Mutya Buena singles chronology
| "This Is Not Real Love" (2006) | "Real Girl" (2007) | "Song 4 Mutya (Out of Control)" (2007) |

Alternative cover
- UK CD 2 cover

= Real Girl (song) =

2007 single by Mutya Buena

"Real Girl" is a song by English singer Mutya Buena, written by Lenny Kravitz, Niara Scarlett, Matt Ward and Dean Gillard. It includes a sample of Kravitz's "It Ain't Over 'Til It's Over". The song was produced by Matt Ward and Dean Gillard for Buena's debut album, Real Girl, and was released as the first single from the album on 28 May 2007 in the United Kingdom. In Australia, the song was released on 16 June 2007.
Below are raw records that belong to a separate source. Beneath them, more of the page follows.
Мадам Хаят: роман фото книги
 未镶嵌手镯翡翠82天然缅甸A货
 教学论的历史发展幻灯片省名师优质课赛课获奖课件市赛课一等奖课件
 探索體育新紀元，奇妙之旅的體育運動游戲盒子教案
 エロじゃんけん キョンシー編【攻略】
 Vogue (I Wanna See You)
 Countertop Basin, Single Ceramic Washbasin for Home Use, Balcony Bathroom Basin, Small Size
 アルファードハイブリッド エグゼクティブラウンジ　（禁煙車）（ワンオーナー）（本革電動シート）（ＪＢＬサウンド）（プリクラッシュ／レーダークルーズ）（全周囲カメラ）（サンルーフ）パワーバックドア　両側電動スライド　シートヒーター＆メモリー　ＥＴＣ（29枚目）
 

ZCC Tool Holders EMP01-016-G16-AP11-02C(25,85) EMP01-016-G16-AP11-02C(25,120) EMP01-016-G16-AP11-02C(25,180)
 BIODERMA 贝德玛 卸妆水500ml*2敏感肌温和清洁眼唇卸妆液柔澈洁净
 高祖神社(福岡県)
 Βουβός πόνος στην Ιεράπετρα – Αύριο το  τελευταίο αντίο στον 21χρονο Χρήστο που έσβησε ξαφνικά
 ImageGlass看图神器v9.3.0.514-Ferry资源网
"Real Girl" debuted and peaked at number two on the UK Singles Chart on 3 June 2007, held off the top spot by Rihanna's "Umbrella", and it also reached the top 10 in Finland, the Netherlands, and Slovakia. It was shortlisted at the 2008 BRIT Awards for Best British Single. The track was up against Buena's former bandmembers, Sugababes, as well as Leona Lewis, Kate Nash and Take That.

==Music video==
The music video premiered on 3 April 2007, and on Australian music channels on 18 May.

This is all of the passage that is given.